Goldene Palme für Jacques Audiard

Genau wie im Fall des diesjährigen Gewinnerfilms "Dheepan" von Jacques Audiard. Der hätte hier 2009 für "Un prophete" gewinnen müssen, damals war aber Haneke an der Reihe. Sein Film "Der Geschmack von Rost und Knochen", zwei Jahre später, war einfach zu schwach. Kein Wunder also, dass Audiard sich diesmal mit den Worten bedankte: "Merci Michael Haneke, dass er dieses Jahr keinen Film gemacht hat." Audiards Film passte den Brüdern Joel und Ethan Coen, die heuer als Jurypräsidenten fungierten, zudem durchwegs ins Konzept:

In "Dheepan" geht es um einen Mann (Jesuthasan Antonythasan), der unter falschem Namen, mit einer "falschen" Frau und "falschen" Tochter aus Sri Lanka nach Frankreich flüchtet, weil "Familien leichter Asyl gewährt wird". Auf der Einwanderungsbehörde hilft der Übersetzer Dheepan ebenfalls beim Lügen: Ein Leben ohne Krieg wolle er, sagt Dheepan, vor kurzem selbst noch Tamil-Kämpfer, Folterer, Mörder. Tatsächlich sind es provokante Verschiebungen der Blickwinkel, die diesen Film bereichern. Dheepan will aus der Scheinfamilie eine echte machen, weil er an sein Recht auf ein gutes Leben glaubt -und gerade in Zeiten der Quoten-Diskussion, wirkt dieser Film wie weiterer Zündstoff. Audiard zeichnet Dheepans Weg in Frankreich zuerst sozialrealistisch, teils semi-dokumentarisch und mit Raum sogar für Humor. Dheepan und seine kleine "Familie" kommen in einem Betonblock-Getto in einem Pariser Vorort unter, wo Dheepan als Hausmeister arbeiten kann. Erst am Ende stellt Audiard seinen Protagonisten doch noch eine gute Zukunft und eine echte Liebe in Aussicht: Ein grüner Garten in England ist eben für viele schon das Paradies.
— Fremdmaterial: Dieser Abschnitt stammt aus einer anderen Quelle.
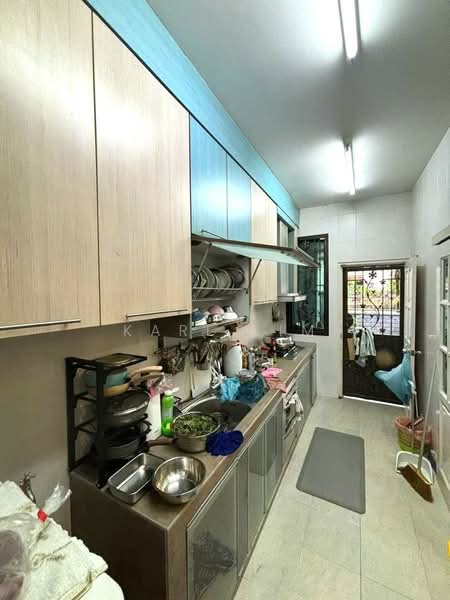 Cluster House for Sale in Austin Heights (Tebrau) - Karl Lim - Kitchen - PropertyGuru.com.my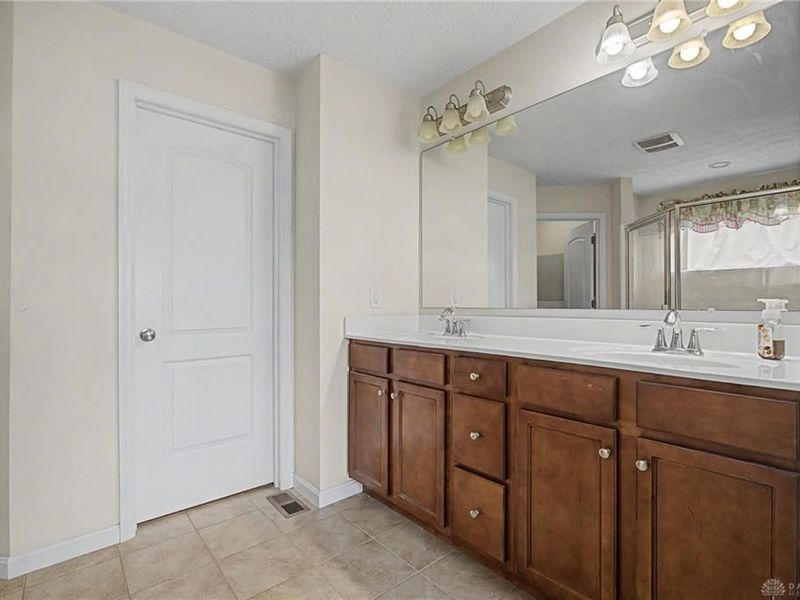 35 Louise Drive, Springboro, OH 45066 Photo 25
"Saul Fia": bester Film, nicht der Hauptpreis

Die Hölle hingegen porträtiert László Nemes in seinem Regiedebüt "Saul Fia", das mit dem zweiten Preis des Festivals nach Hause geschickt wurde: dem Grand Prix. Die Coens haben hier schlichtweg den eigentlichen Sieger dieser Filmschau übersehen, denn niemand vor Nemes hat die Schoa dermaßen brutal und schockierend dargestellt, ohne dabei auf künstliche Effekte zurückgreifen zu müssen. Man erlebt den KZ-Alltag in Auschwitz durch die Augen eines jüdischen Mitarbeiters eines Sonderkommandos, der damit befasst ist, die Gaskammern von den Toten und ihren Exkrementen zu säubern. Weil Nemes' Kamera aber stets ganz nah auf dem Kopf seines Protagonisten verweilt, ist die Umwelt nur in Schemen wahrnehmbar -und Nemes delegiert das Grauen (oder die Vorstellung davon) an die Zuschauer. Jeder Zuschauer durchlebt hier seine ganz eigene Schoa. "Saul Fia" ist eine der innovativsten Arbeiten der jüngeren Filmgeschichte -und gerade deshalb ist der zweite Preis in Cannes so enttäuschend. Ist dem erst 38-jährigen Ungarn Nemes ein Zufallstreffer geglückt, oder läutet er ganz offiziell einen Paradigmen-und Generationenwechsel ein, wenn es um die Darstellung der Schoa geht?"Saul Fia" ist jedenfalls einer der wichtigsten Filme der letzten 20 Jahre.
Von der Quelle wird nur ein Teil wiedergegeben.